On the nature and interplay of Hg⋯O/S spodium bonding and O⋯S chalcogen bonding in one-dimensional phenylmercury(ii) 3-alkoxycyclobutene-1,2-dione-4-thiolate coordination polymers†

Abstract

Two one-dimensional coordination polymers, PhHg(3-alkoxycyclobutene-1,2-dione-4-thiolate) (alkoxy = OMe and OEt), have been synthesised, characterised spectroscopically, crystallographically and through computational chemistry techniques. Both species exhibit intermolecular Hg⋯O σ-hole spodium bonding as well as intramolecular Hg⋯O π-hole spodium bonding. In the ethoxy species there are complementary σ-hole O⋯S chalcogen bonds to the Hg⋯O σ-hole spodium bonding as well as orthogonal Hg⋯S π-hole spodium bonding. Each of the coordination polymers is connected into a supramolecular layer. For the methoxy derivative, the layer features π(cyclobutene)⋯π(phenyl) stacking and side-on CO⋯π(cyclobutene)/anti-parallel carbonyl⋯carbonyl interactions. For the ethoxy species, Hg⋯S, offset π(cyclobutene)⋯π(cyclobutene) stacking and CO⋯π(cyclobutene) interactions occur within the layer.

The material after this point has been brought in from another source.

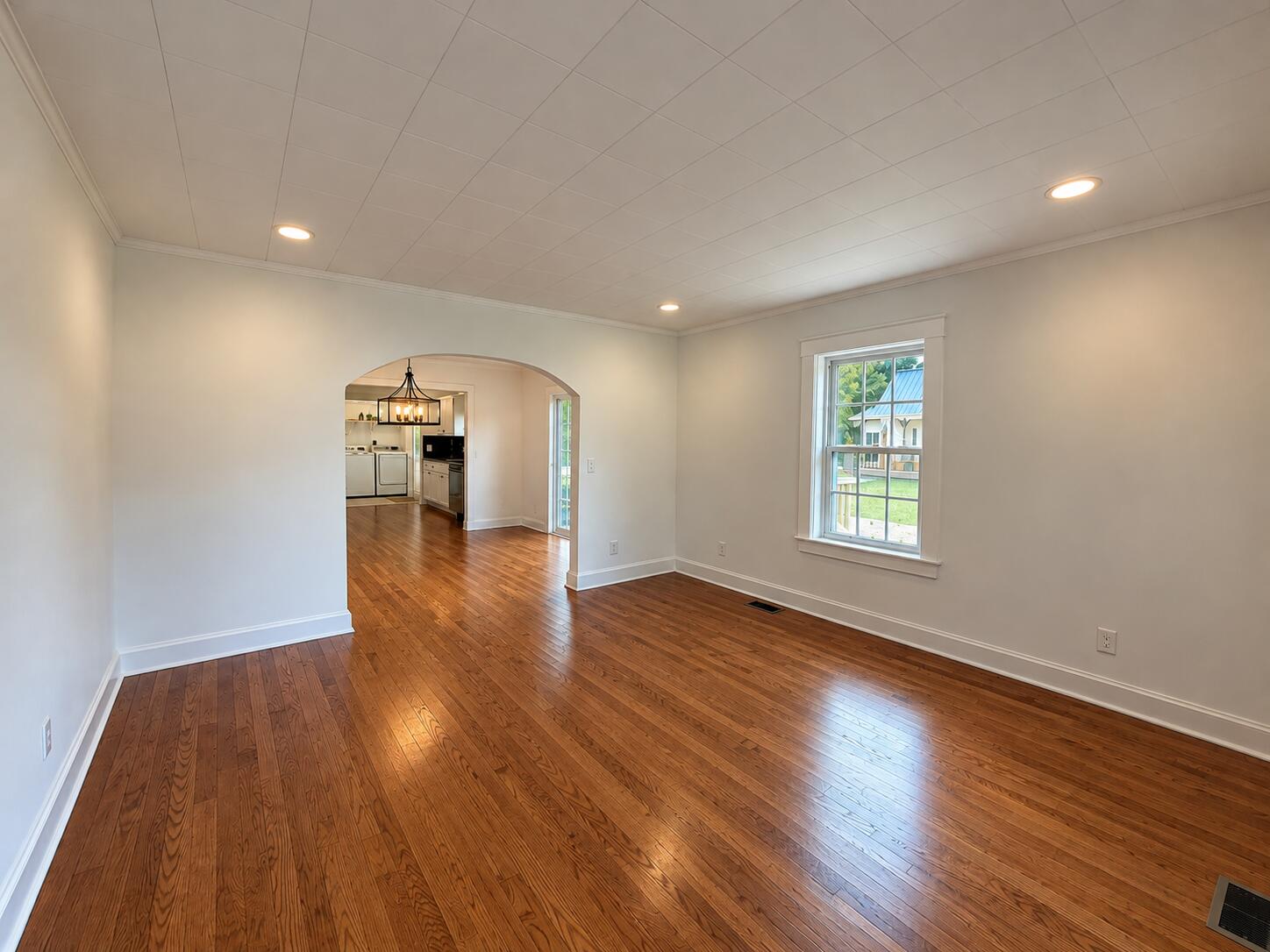 288 Broadway Street Property Photo 4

In each case, weak C–H⋯π interactions operate between the two-dimensional arrays. The nature of the electron transfer responsible for the spodium/chalcogen bonding has been established. In terms of QTAIM energies, those associated with Hg⋯O σ-hole spodium bonds were in the range of 17.5 to 23.3 kJ mol⁻¹, which were less than the energies computed for the intramolecular Hg⋯O π-hole spodium bonds in each case (31.0 to 43.6 kJ mol⁻¹). The lowest energies for the intermolecular Hg⋯O spodium bonding were computed for the ethoxy species, which correlates with the compensating Hg⋯S π-hole spodium bonding (2 × 11.0 kJ mol⁻¹) and O⋯S chalcogen bonding (12.5 kJ mol⁻¹). The electron transfer leading to the Hg⋯O/S spodium bonding involves donation of an oxygen- or sulphur-bound lone pair of electrons to the σ*(Hg–C) orbital, with the intramolecular Hg⋯O spodium bond involving two lone pair interactions. The O⋯S chalcogen bond is assigned to LP(O) → σ*(C–S).